→ **Task**: After locating the line that contains "Morning Sun Top // Blue" in the records below, write out exactly that line and each line after it through the one that contains "VOZOL Gear Shisha", and nothing else.

→ **Data to examine**:

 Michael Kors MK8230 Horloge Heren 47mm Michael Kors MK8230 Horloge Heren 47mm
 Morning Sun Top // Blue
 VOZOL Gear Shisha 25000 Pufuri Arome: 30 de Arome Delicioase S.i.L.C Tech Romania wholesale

==

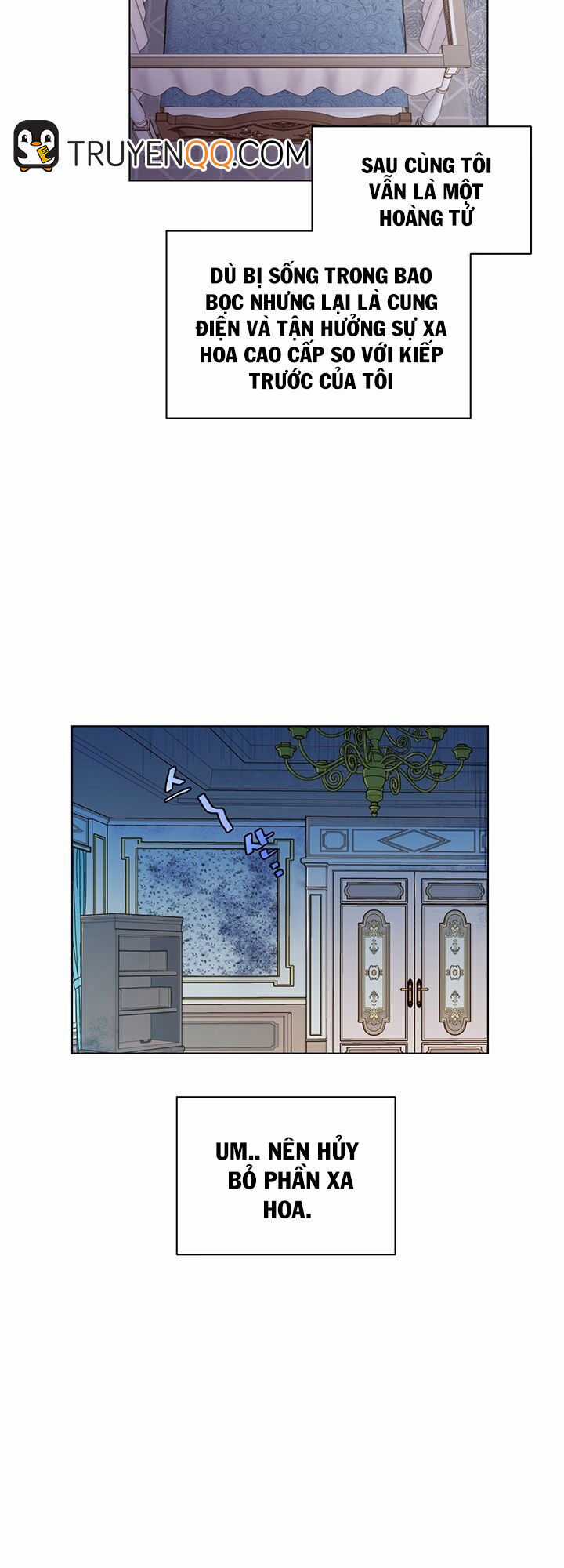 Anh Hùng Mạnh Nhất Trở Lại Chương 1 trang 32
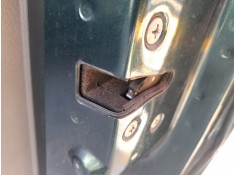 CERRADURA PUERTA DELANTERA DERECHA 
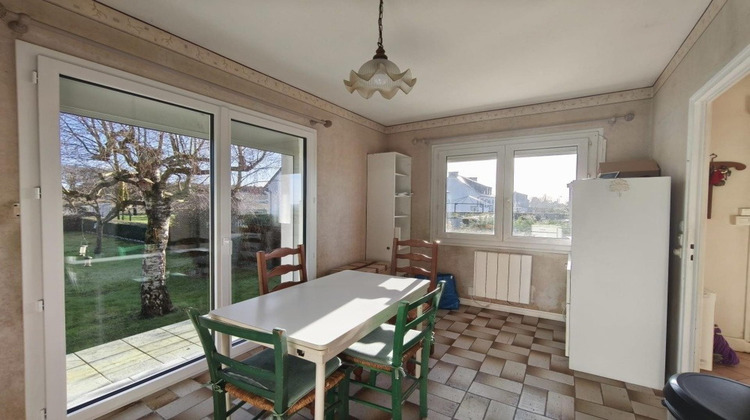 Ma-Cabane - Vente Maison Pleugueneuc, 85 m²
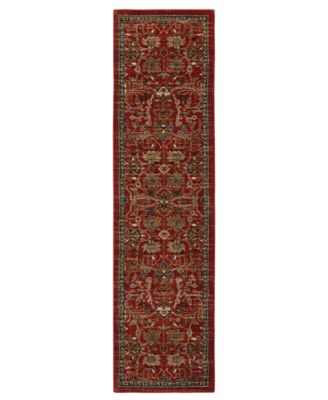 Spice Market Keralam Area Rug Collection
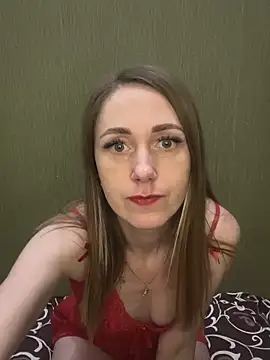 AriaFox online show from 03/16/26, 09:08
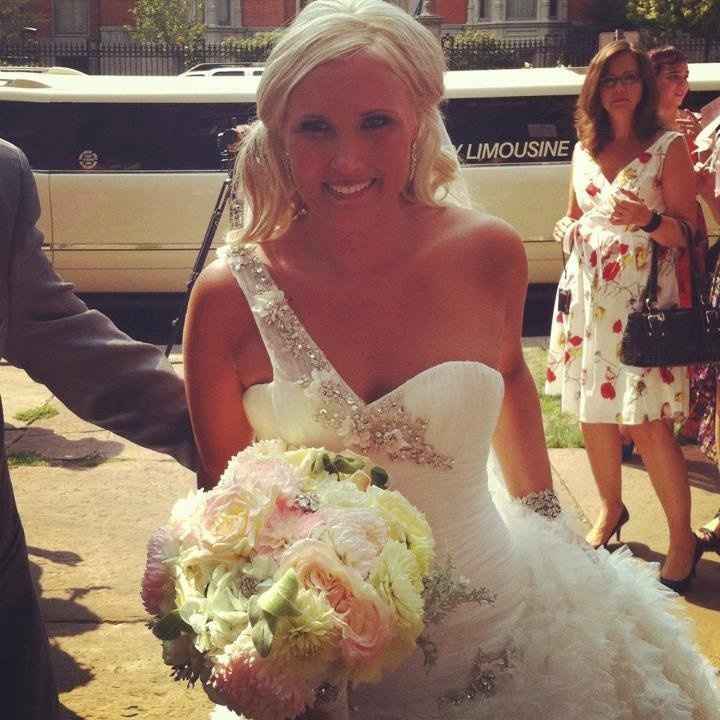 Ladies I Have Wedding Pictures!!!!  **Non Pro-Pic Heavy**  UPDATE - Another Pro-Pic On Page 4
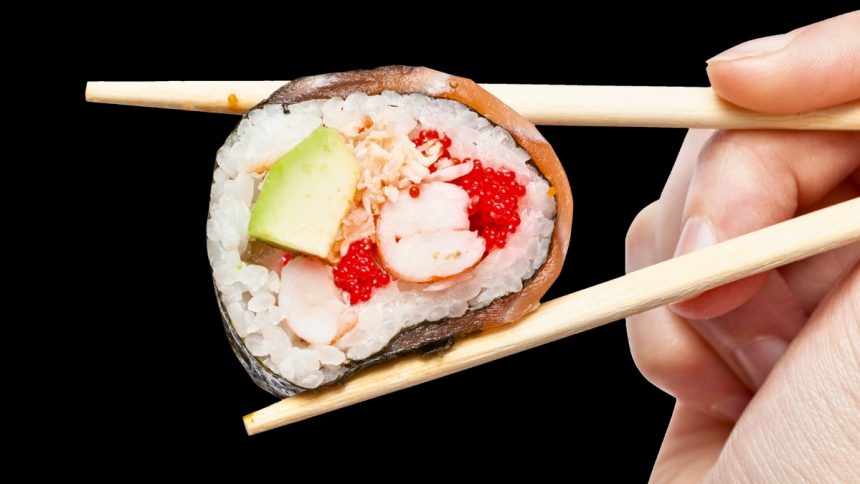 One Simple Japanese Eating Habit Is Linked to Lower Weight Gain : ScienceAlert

==

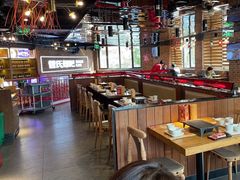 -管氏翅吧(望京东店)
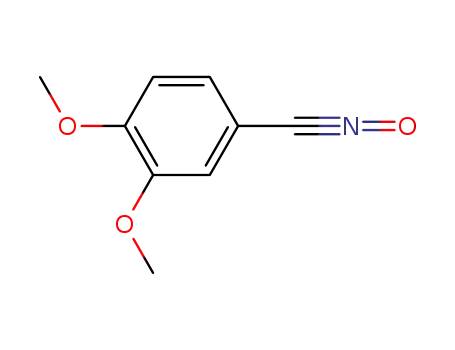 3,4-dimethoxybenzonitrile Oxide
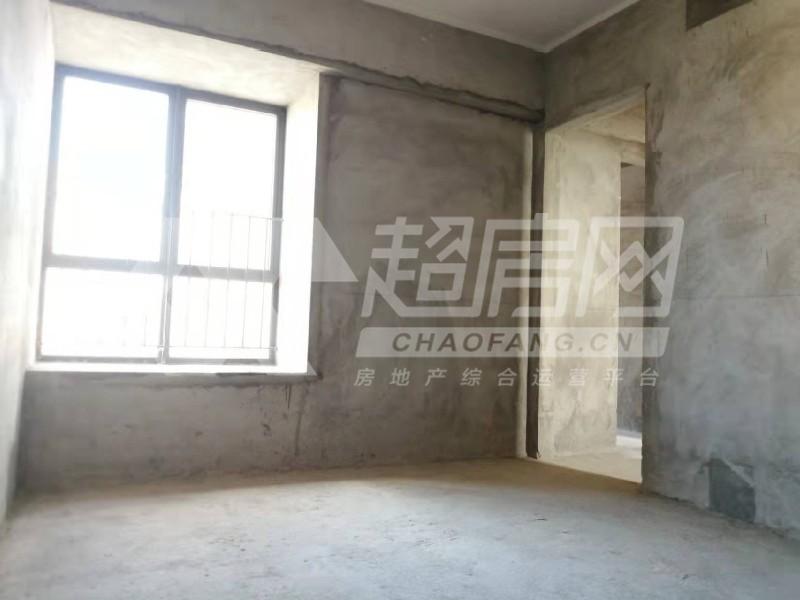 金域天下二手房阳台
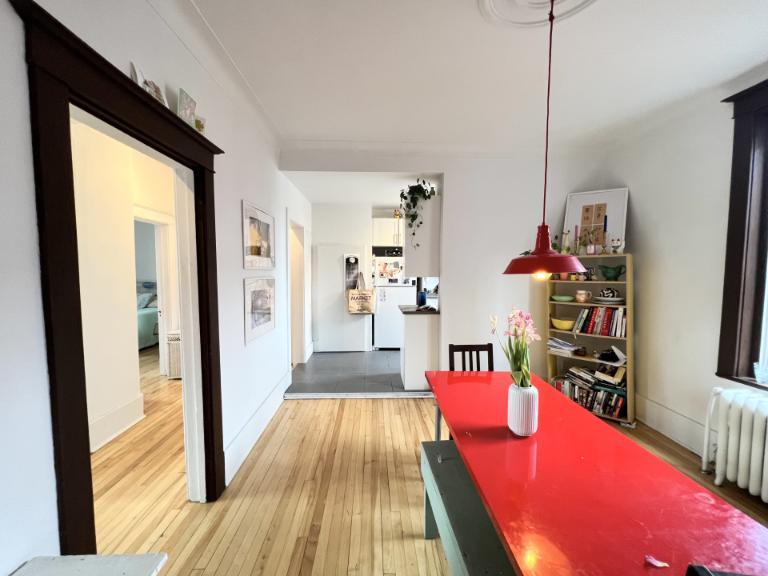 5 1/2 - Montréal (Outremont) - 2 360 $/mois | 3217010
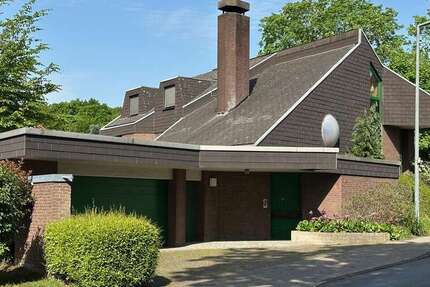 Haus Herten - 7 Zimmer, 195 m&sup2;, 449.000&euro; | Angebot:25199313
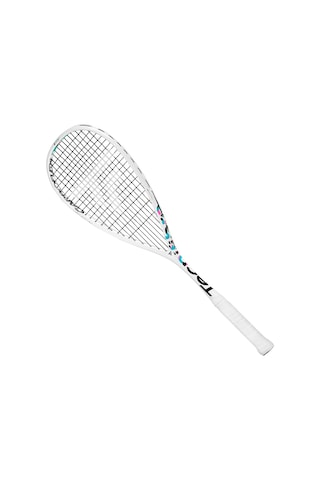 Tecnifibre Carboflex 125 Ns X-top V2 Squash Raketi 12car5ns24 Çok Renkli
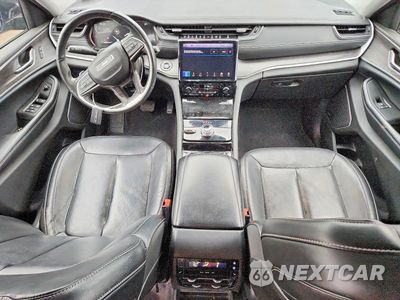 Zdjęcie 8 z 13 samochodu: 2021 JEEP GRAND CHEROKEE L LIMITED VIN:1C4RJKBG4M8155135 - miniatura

→ **Answer to this exercise**:
 Morning Sun Top // Blue
 VOZOL Gear Shisha 25000 Pufuri Arome: 30 de Arome Delicioase S.i.L.C Tech Romania wholesale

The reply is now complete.